Hemolysis after intravenous immune globulins (IGIVs) is a known complication, but expanding indications and recent manufacturing changes warrant ongoing postmarketing surveillance. Characterization of post-IGIV hemolysis to date has been limited to small case series.
STUDY DESIGN AND METHODS
We queried the Food and Drug Administration's (FDA) Adverse Event Reporting System (FAERS) from 2007 to 2014. All reported post-IGIV hemolysis cases were classified using a prespecified case definition and a case series analysis performed. We also conducted two assessments using FDA's Mini-Sentinel (MS) system to quantify the risk of hemolysis by six product indications and by IGIV formulation and evaluate the onset interval.

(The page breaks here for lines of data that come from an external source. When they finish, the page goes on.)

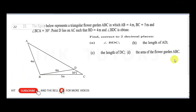Question 22 says: the figure below represents a triangular flower garden ABC in which AB is equal to 4 cm, BC is 5 cm, and the angle is 30 degrees. Point D lies on AC such that BD is 4 meters and angle BDC is obtuse. Find, correct to 2 decimal places, angle BDC. So we have to solve this question.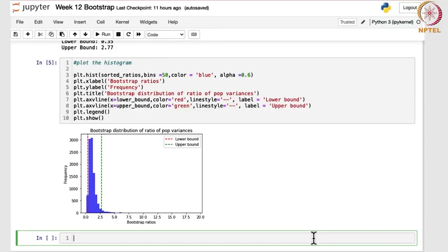We are going to find confidence intervals in the case of parametric distributions, where the sample drawn is not necessarily from a normal distribution but can be from any other distribution as well. Here we are going to consider the case for Poisson distribution. You may consider likewise for other distributions as well. Let us begin with the confidence interval for Poisson distribution.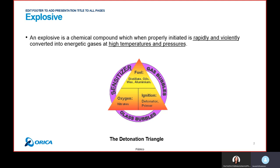If you look at the detonation triangle, you can see three elements responsible for an explosion: you need a fuel, you need oxygen, and you need ignition. If you have only one or two of them, it's impossible to have a detonation. All three elements together are what can cause an explosion.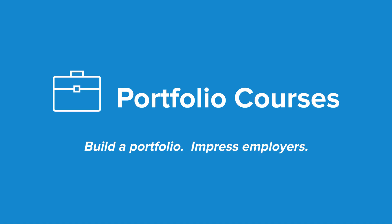Check out PortfolioCourses.com where we'll help you build a portfolio that will impress employers, including courses to help you develop C programming projects.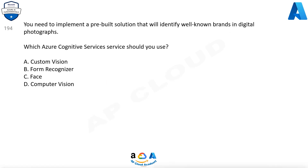Question 194. You need to implement a pre-built solution that will identify well-known brands in digital photographs. Which Azure Cognitive Services service should you use? A. Custom Vision, B. Form Recognizer, C. Face, D. Computer Vision.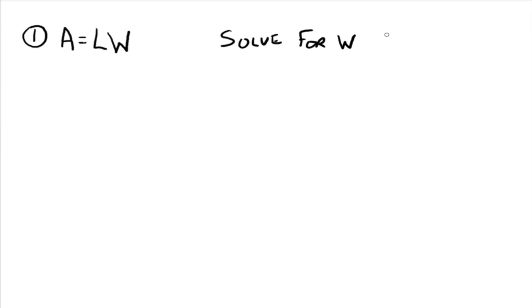So you go through the same processes that you would if you had a bunch of numbers running around. Don't let all the letters freak you out. Alright, the processes stay the same. So what are we doing? What's our goal? Our goal is to isolate w.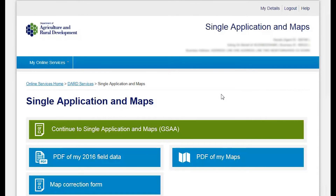Welcome to another DARD Online Services help video. In this video we're going to take a look at completing your single application form electronically using the DARD Online Services.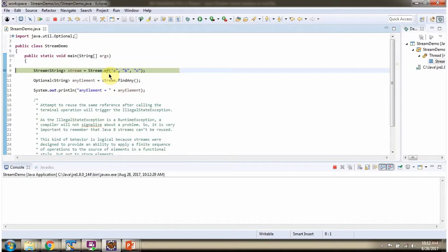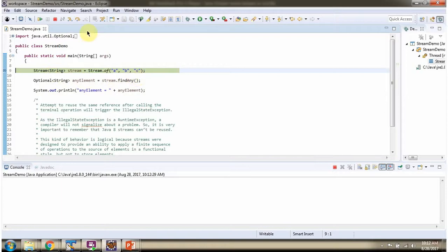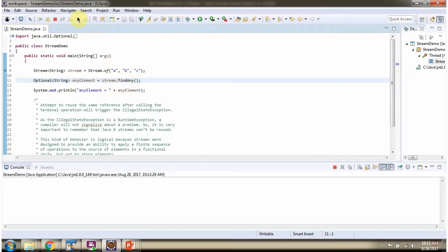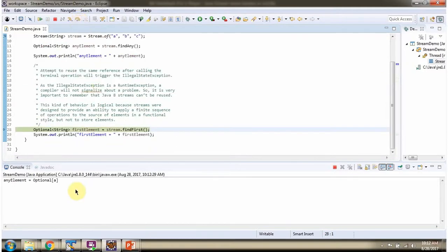Here I am calling the off method of stream, and off method returns stream of string. Then I am calling find any method of stream. Find any method returns optional and it contains the element a.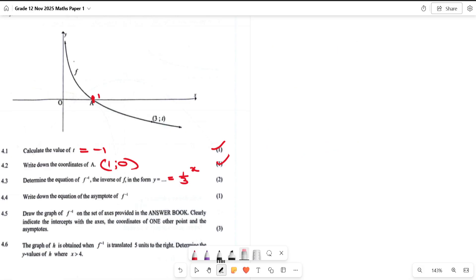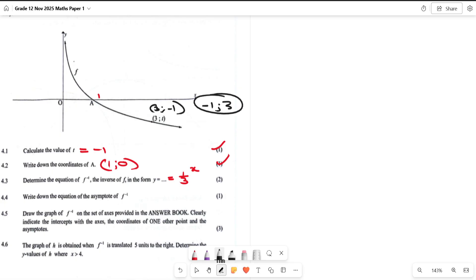The next part asks for the asymptote of the inverse. Looking at the original graph, we have the point (3, -1). On the inverse you swap the coordinates, so it becomes (-1, 3). That is the corresponding point on the inverse graph.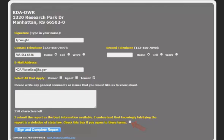Click the checkbox to indicate you understand that knowingly falsifying this report is a violation of state law. Finally, click Sign and Complete Report.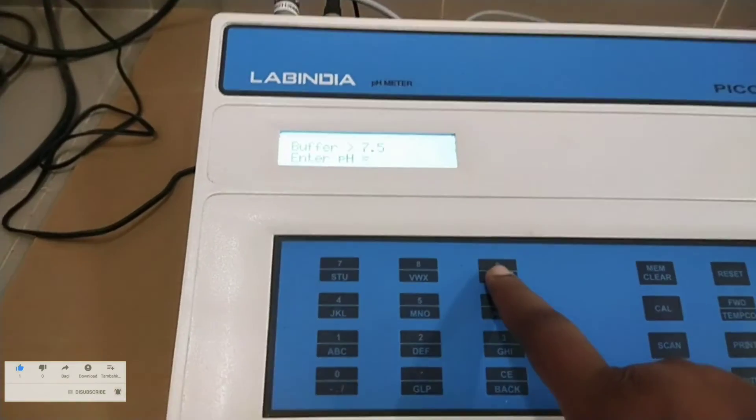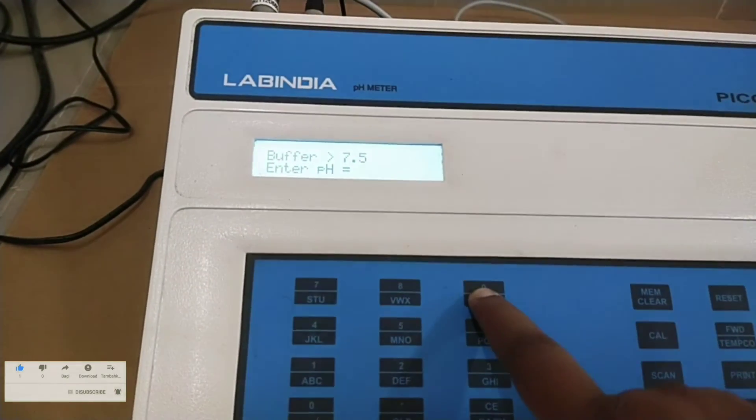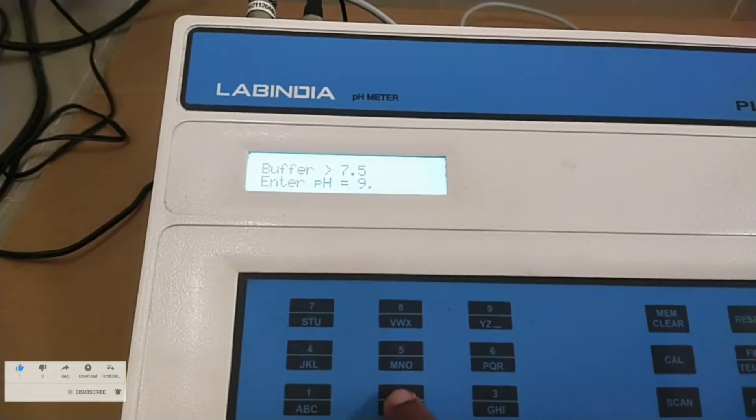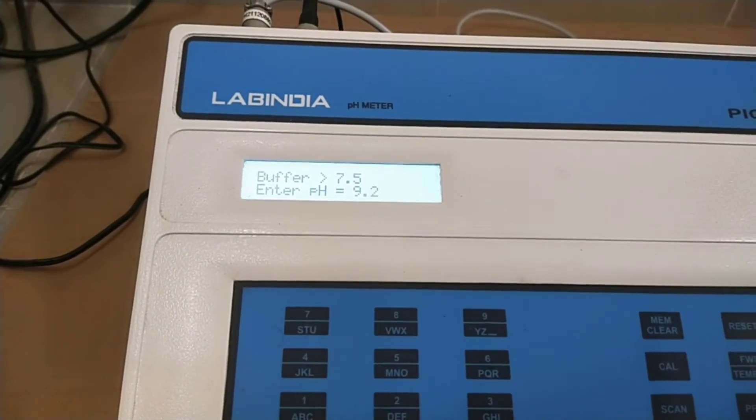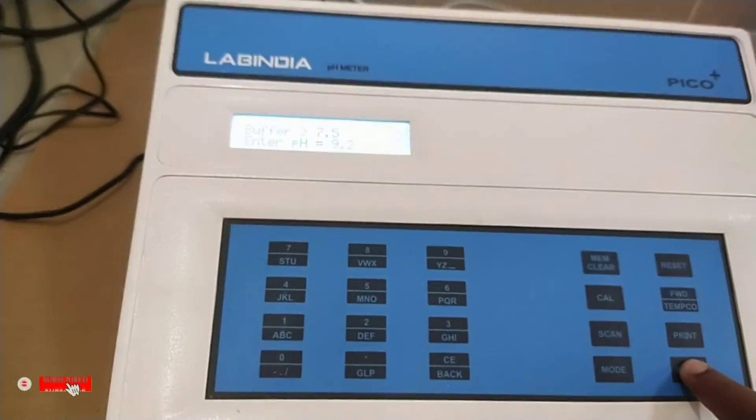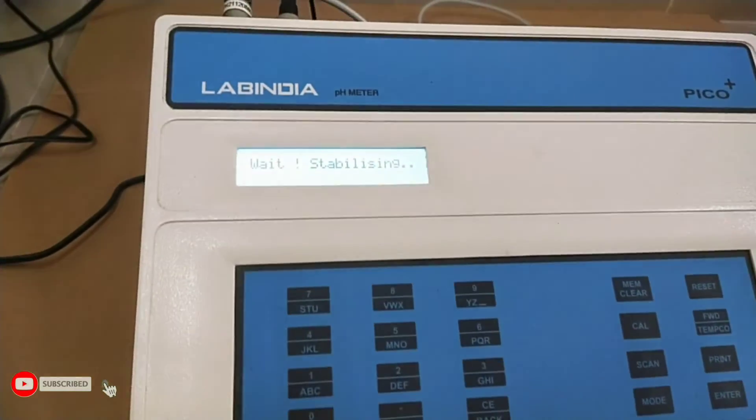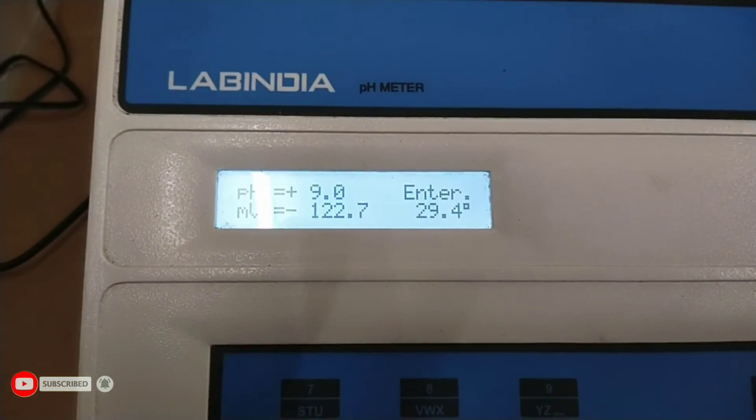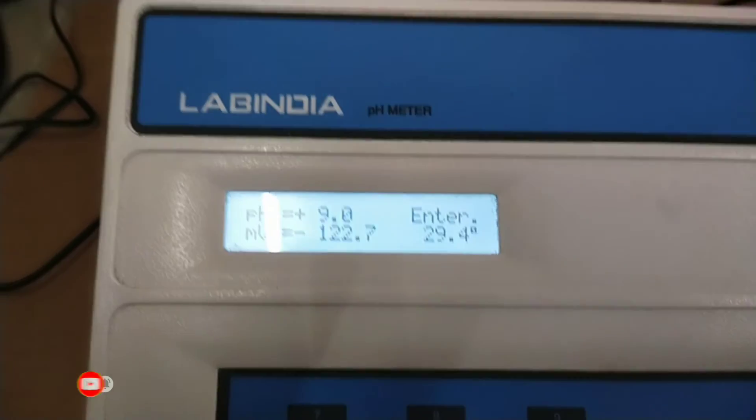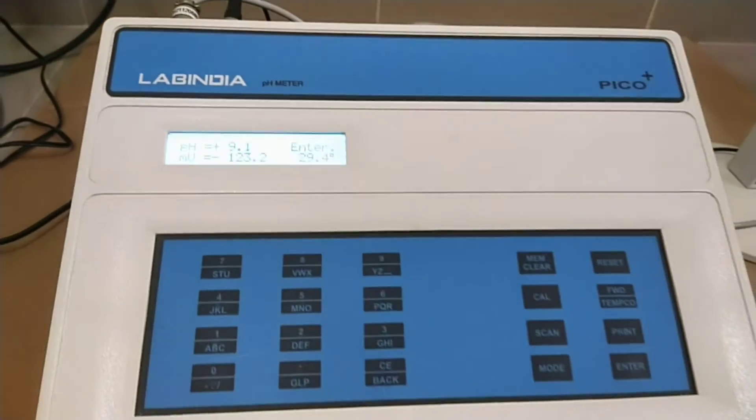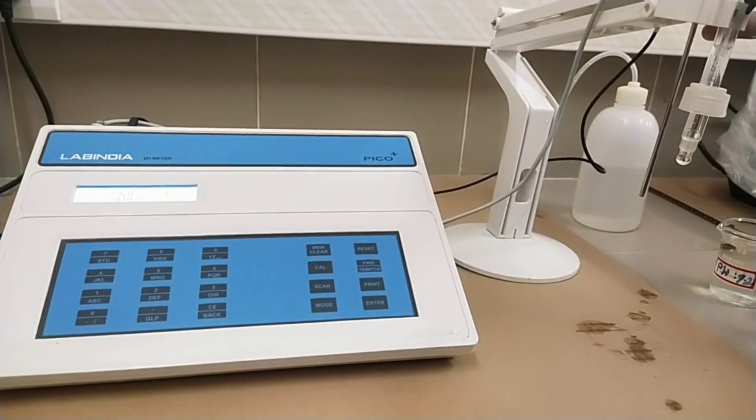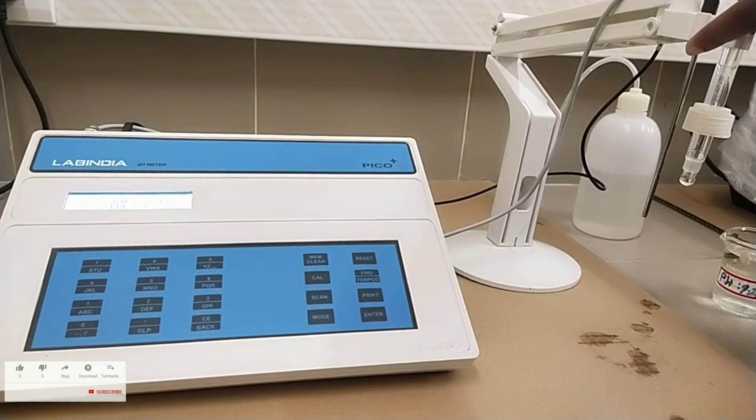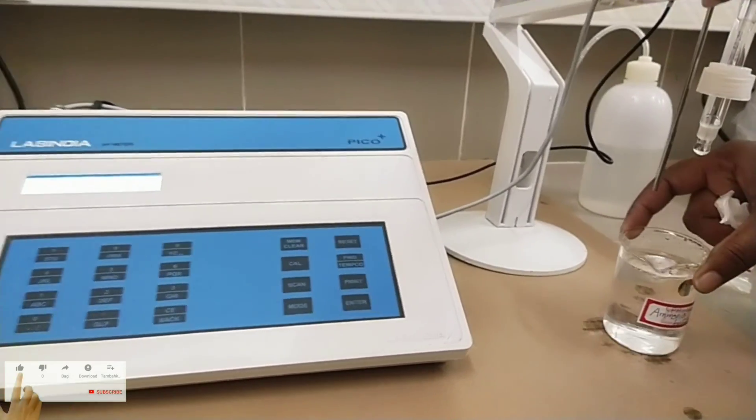Enter the pH basic buffer value 9.2. Now press enter key. It display the reading. Now instrument display calibration over. Now the instrument is ready for pH measurement of a sample.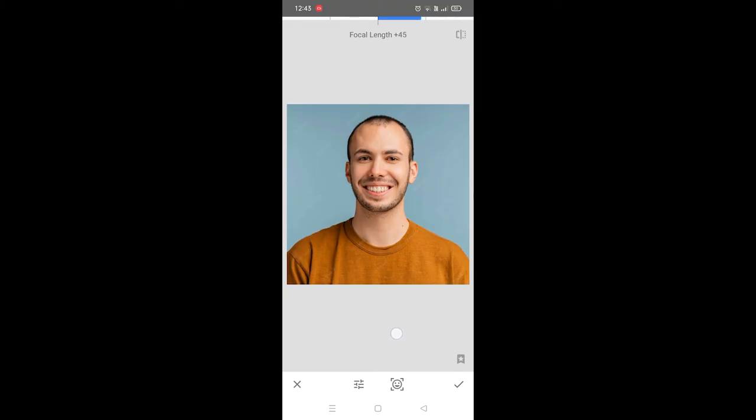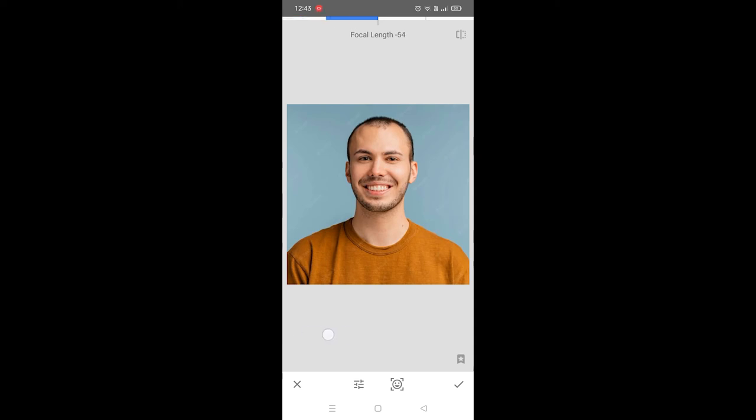His head now looks like an egg. So you're going to find the sweet spot here. I don't recommend you go all the way to 200.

A total of 109 FAERS cases met our definition. For cases with available information, 83% (66/80) received IGIV doses of at least 2 g/kg, 98.1% (51/52) had non-O blood group, and 75% (64/85) of events occurred within 4 days of IGIV exposure. We identified 313,045 treatment episodes and 337 post-IGIV hemolytic events in MS from 2006 to 2014, with 72% occurring within 2 days. Rates of hemolysis were highest among patients with Kawasaki disease (KD) and immune thrombocytopenia (ITP). The risk among patients receiving nonlyophilized products was 2.3 times higher than that in patients receiving lyophilized products.
With the largest case series to date, FAERS data support that higher doses and non-O blood group are key risk factors. The incident rate of post-IGIV hemolysis is estimated at one per 1000 IGIV treatment episodes, with most occurring within 2 days of exposure. The risk is higher in patients with KD and ITP and after receipt of nonlyophilized IGIV.